Local News

A little less alone

By Leyna Krow, Assistant Editor, JTNews

Not every soldier in the Israel Defense Forces is an Israeli. In fact, IDF volunteers come from more than 70 countries, pulled by a sense of obligation to help defend the Jewish State.
These men and women are often referred to as “lone soldiers” because they don’t have families living in Israel to support them during their army service. Lone soldiers — a term also applied to Israeli soldiers who are either orphaned or estranged from their families — currently comprise about 6,000 of the IDF’s troops.
Many who come without financial backing from their families and no place to call home end up spending their monthly stipend and more to rent apartments and pay for food and basic supplies not provided by the army, resulting in debt.

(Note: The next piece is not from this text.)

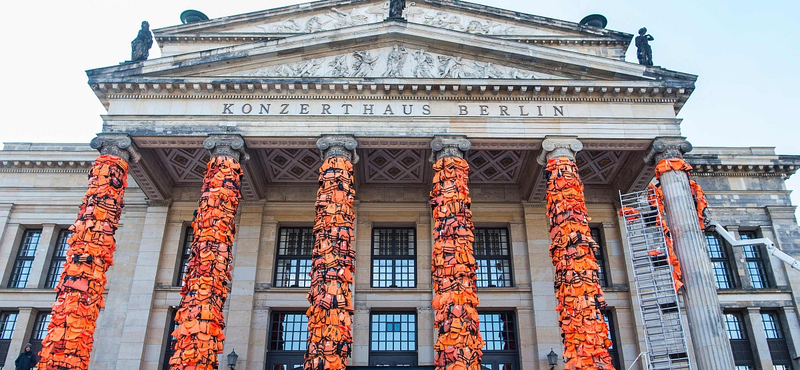 Aj Vej-vej feldíszítette a berlini Konzerthaust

And when they have a problem, those who don’t know Hebrew often have trouble sorting things out, with no one to translate for them or guide them through Israel’s infamous bureaucratic structures.
That’s why Shifra Shahar founded A Warm Home for Every Soldier, an Israeli organization dedicated to providing much-needed support to the IDF’s lone soldiers.
“I’ve met soldiers from places I couldn’t find on a map,” Shahar said. “Not all of them come with their father’s credit card. Many come without any help at all from family and don’t have anybody in Israel that they know. Someone should be there for them.”
Shahar visited Seattle on March 26 to give a talk at Congregation Beth Shalom about the challenges lone soldiers face and the services her organization provides. The visit was not intended to be a fundraising mission, but rather as a way for people considering volunteering for the IDF, or friends and family of current IDF soldiers, to learn about the help A Warm Home can offer.
According to Shahar, her organization, which began about a year ago as a partnership between a handful of women with children serving in the IDF, is primarily focused on pairing lone soldiers with adoptive Israeli families.
“The main thing is that any soldier who likes to can get a family with us,” she said. “That saves them all the costs. A soldier who is getting an adopting family doesn’t have to go through all this bother, beside all the help they get and the instruction and the good words. It’s like not being a lone soldier at all. It’s like having a family there with you.”
In an ideal world, Shahar said, the IDF would do more to provide weekend housing and meals for lone soldiers. But as it is, lone soldiers have the options of staying in army-provided dorms that Shahar described as “slums,” or on a kibbutz, often far away from where they are stationed. Or they pay for their own housing.
“I don’t know how it got to this point,” Shahar said. “The people in charge of lone soldiers got a lot of money, but didn’t do their jobs.”
A Warm Home also helps out with smaller, date-to-date issues lone soldiers encounter, such as providing necessary items not paid for by the army such as watches and backpacks, translation for soldiers with limited Hebrew knowledge, or even just a place to go for Shabbat dinner.
“There are a lot of soldiers who have a hard time,” Shahar said. “They don’t know where to go for help. Sometimes they call us even for minor problems, especially those who come from other countries and don’t have the language.”
Shahar said the motivation to start A Warm Home for Every Soldier came after her oldest son, an officer in the IDF, expressed concern to her that many of the soldiers in his command had no permanent residence in Israel. He took it upon himself to match some of these young men and women up with the families of other soldiers so they would have a place to go and someone to look out for them. The matches worked so well that Shahar and several other IDF moms were encouraged to try to find adoptive homes for as many lone soldiers as possible.
Since A Warm Home began in the winter of 2009, most soldiers who have come looking for help have found the organization simply through word-of-mouth. A news report about the IDF’s neglect of lone soldiers that recently aired on Israeli television made mention of the organization. After that, Shahar said, she started to get several calls each day from lone soldiers seeking some form of assistance.
But most of the calls Shahar gets come from Israelis who want to open their homes to soldiers.
“When it comes to soldiers, people open their hearts and their wallets,” she said. “IDF is something that really unites all Israelis. I think everybody knows that our existence as a nation depends on the IDF.”
So far more than 100 lone soldiers have been placed with adoptive families. An additional 300 have been aided by A Warm Home in other ways.
Shahar said she is pleased with what the organization has done so far, but in the coming years hopes to step up outreach efforts so every lone soldier will know where to turn when he or she needs help. Ideally, prospective lone soldiers will be aware of A Warm Home well before they enlist so that by the time they get to Israel, an adoptive family will be waiting for them.
“In March, a lot of new combat soldiers were going into the IDF. Many of them knew about us, contacted us in advance and got families before they went into the army,” she said. “We got to do everything slowly and not in a rush to find the right families for them. They don’t’ even know how much sweat and tears we saved them. I want it to be that easy for everyone.”